Japan, China and Kazakhstan head the nations chasing water polo gold at the upcoming Asian Games in Hangzhou, China. With gold comes a tantalising trip to the Paris Olympic Games next year.
Nine men’s teams and seven women’s will contest matches in a two-week stretch starting on September 25 at the Huanglong (Yellow Dragon) Swimming & Diving Centre. Nine men’s teams and six women’s contested the 2018 Games in Indonesia.
Japan men and China’s women looked the favourites for the crowns, although China and Kazakhstan men and Japan women will prove tough opponents in the quest for gold and an airplane ticket to Paris.
In the men’s competition, there are two groups of four with quarterfinals, semifinals and medal play-offs over six days. In the women’s competition, there will be a round-robin tournament over seven days.
China headlines the group, being a losing semifinalist at this year’s World Aquatics World Cup qualification tournament in Berlin, Germany, just missing the finals series in Los Angeles, USA. China have missed the last four World Championships since 2015 and finished fourth at the 2018 Asian Games after third, second and first in the previous tournaments. Goal-scoring sensation Zhongxian Zhang will lead the charge.
The People’s Republic of Korea’s best outings were silver in 1986 and bronze in 1990.

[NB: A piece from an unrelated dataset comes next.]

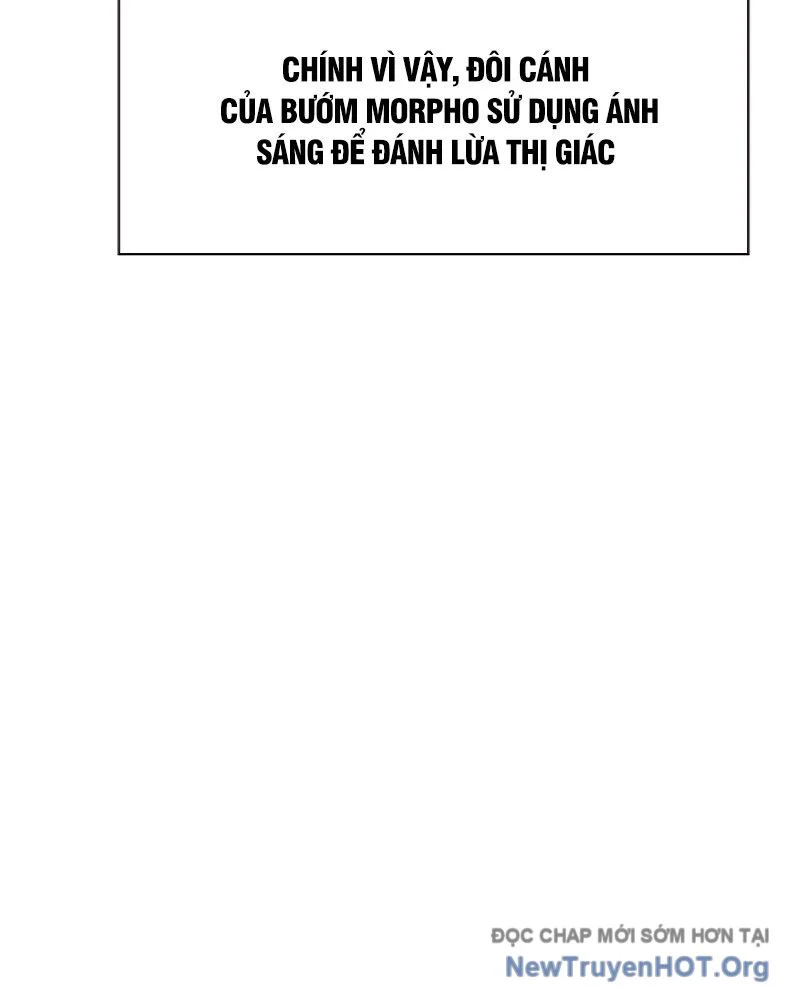 Nhân Trùng Đại Chiến Chapter 166 - Next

Iran has produced some class players and will be out to prove bronze over China in 2018 was no fluke. Iran finished fifth at this year’s World Cup qualifiers and its best scorer was Alireza Mehrikoshneshahri.
Thailand appears for the first time since 1998 for its fifth Games. Fifth placings in 1966 and 1978 were highlights.
Japan has the forward momentum this year and will be hard to slow or even beat in Hangzhou. It finished 10th at the July World Aquatics Championships in Fukuoka, Japan, one position ahead of Kazakhstan, so their clash on the second day of competition will be a pointer to the finals. Japan last won the title in 1970 and subsequently lost seven of the last 11 finals, so will be champing at the bit for victory.
Kazakhstan has been rebuilding in the past year and is a little raw, although 11th in Fukuoka was a solid result worthy of Japan’s respect. Kazakhstan almost has a stranglehold on the event, winning six of the last seven titles, missing the final in 2006 as China beat Japan in the final.
Hong Kong has yet to appear on the dais, three times losing bronze-medal encounters.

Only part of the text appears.